Reflexionar requiere repensarse, cuestionarse y provocar la reflexión colectiva. Lo que México necesita es más gente en posiciones de poder que pueda cambiar de opinión, no menos.
No hay nada que celebrar en el hecho de que nuestros intelectuales hayan claudicado a cambiar de ideas en dos décadas. El que ello suceda revela que la intelectualidad mexicana se ha pervertido y vive cómodamente sosegada por las alabanzas de sus partidarios. La vanidad ha triunfado sobre el intelecto.
Ya decía el filósofo y psicólogo americano, William James, que “mucha gente piensa que está pensando cuando simplemente está reorganizando sus prejuicios”. Nunca sus palabras habían hecho tanto eco como hoy. Rodeados de redes sociales que nos impulsan a refrendar nuestros prejuicios con cada vez más frecuencia se comete el error de equiparar al cambio de opinión con la incongruencia. Esto es perverso para la reflexión colectiva.
Hay pocas cosas más valientes y loables que reconocer que uno no estaba en lo correcto, cambiar de opinión y ajustarse el cinturón para seguir por un rumbo distinto.
Lo único deshonesto es resistirse y preferir, por vanidad, seguir en el camino errado
El arrojo de reconocer que se estaba errado debe celebrarse pues requiere hacer algo que nuestra sociedad cada vez hace menos: tomar en serio a voces que piensan distinto.
Por supuesto que habrá quien lea esta columna con lentes polarizados y crea que mi texto es una justificación a cambiar de opinión cuando López Obrador lo hace. No lo es. La irreflexión es problemática en cualquier lado del espectro político. Y lo es más cuando viene del poder. Nuestros políticos e intelectuales, ambos en situación de poder, deben tener la virtud de cuestionarse y el objetivo de entender. Hoy no lo hacen. Por el contrario, la mayoría ha condescendido a regodearse en ideas incambiables.

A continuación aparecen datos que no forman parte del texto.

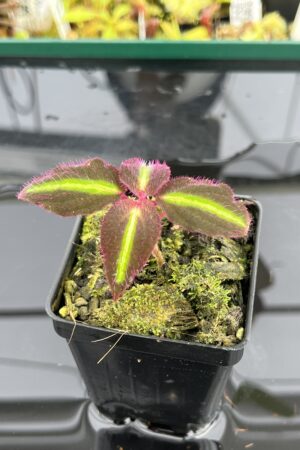 Close Up of Sonerila pulchella (Thailand) | Florae Collaborative | | IN24833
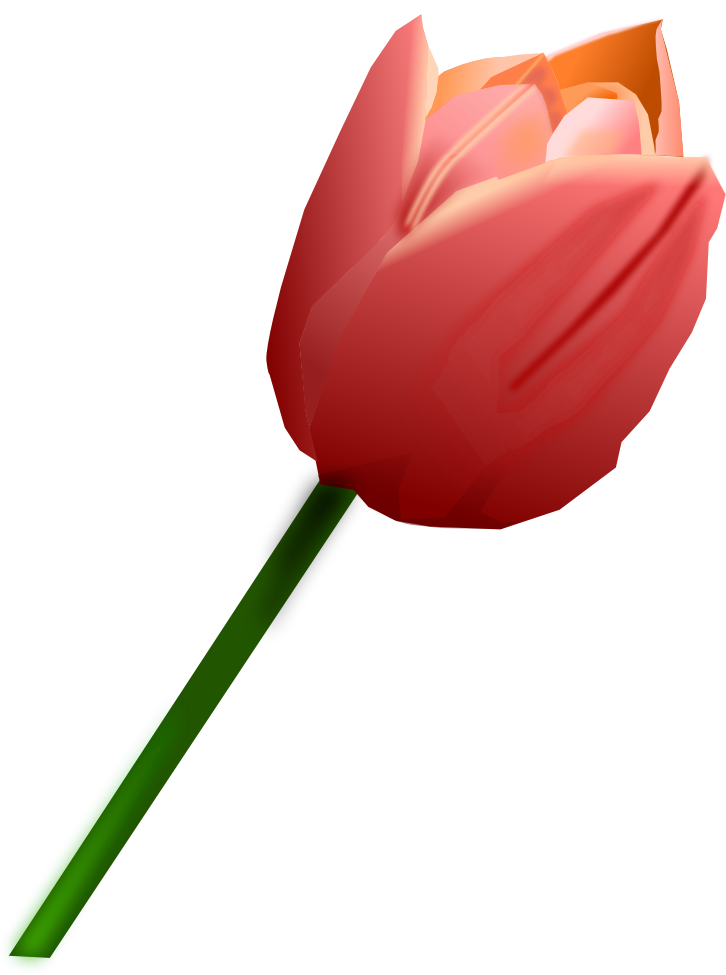 Tulip Clip Art Christmas Computer Icons Flower Red - Tulipan Rojo Png Transparent Png (558x749), Png Download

Tanto intelectuales como autoridades tienen el derecho y la obligación de cambiar de opinión en respeto de sus votantes y lectores. Hacerlo no es “muestra de su ineptitud, deshonestidad y claudicación” como se ha escrito a diestra y siniestra en las últimas semanas. Lo único deshonesto es resistirse al cambio y preferir, por vanidad, seguir en el camino errado.
Si tu eres una de esas personas que no ha cambiado sus ideas en dos décadas, te invito al diálogo. A dejar de tratar al debate público como una trinchera y a honrar tu intelecto. Si alguien no cambia de opinión nunca, probablemente no esté haciendo bien su trabajo.